### Data to use
Content starts
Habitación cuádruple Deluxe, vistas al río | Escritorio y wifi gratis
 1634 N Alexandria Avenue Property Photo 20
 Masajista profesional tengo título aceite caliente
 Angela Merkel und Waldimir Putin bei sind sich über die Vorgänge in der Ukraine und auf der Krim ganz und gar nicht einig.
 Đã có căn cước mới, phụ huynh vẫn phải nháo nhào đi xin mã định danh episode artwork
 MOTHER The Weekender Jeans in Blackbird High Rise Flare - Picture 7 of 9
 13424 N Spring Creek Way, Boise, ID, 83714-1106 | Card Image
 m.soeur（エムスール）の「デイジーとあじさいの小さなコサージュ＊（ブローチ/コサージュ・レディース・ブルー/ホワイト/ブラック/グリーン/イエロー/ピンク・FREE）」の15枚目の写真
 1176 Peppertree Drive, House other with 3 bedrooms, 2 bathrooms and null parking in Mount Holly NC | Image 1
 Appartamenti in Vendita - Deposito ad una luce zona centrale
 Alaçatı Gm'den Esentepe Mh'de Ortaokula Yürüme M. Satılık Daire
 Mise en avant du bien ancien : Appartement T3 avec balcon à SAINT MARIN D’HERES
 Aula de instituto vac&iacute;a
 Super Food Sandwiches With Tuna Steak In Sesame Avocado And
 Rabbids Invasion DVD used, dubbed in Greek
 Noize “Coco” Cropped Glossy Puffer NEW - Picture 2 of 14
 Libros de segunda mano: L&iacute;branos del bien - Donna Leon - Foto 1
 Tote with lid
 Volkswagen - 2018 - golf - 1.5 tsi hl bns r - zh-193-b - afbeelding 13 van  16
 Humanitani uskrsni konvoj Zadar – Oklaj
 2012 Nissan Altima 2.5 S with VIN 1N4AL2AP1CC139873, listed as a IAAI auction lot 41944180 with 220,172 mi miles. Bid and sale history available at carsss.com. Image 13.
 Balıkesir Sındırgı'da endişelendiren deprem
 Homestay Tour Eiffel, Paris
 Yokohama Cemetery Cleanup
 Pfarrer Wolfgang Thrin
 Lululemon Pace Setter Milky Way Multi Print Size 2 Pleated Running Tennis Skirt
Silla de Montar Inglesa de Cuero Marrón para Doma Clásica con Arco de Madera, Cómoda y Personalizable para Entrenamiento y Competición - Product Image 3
Content ends
### The task
Return only the part of the records above that opens with the line containing "Super Food Sandwiches" and closes with the line containing "Volkswagen - 2018", ends included.

### Solution for this task
 Super Food Sandwiches With Tuna Steak In Sesame Avocado And
 Rabbids Invasion DVD used, dubbed in Greek
 Noize “Coco” Cropped Glossy Puffer NEW - Picture 2 of 14
 Libros de segunda mano: L&iacute;branos del bien - Donna Leon - Foto 1
 Tote with lid
 Volkswagen - 2018 - golf - 1.5 tsi hl bns r - zh-193-b - afbeelding 13 van  16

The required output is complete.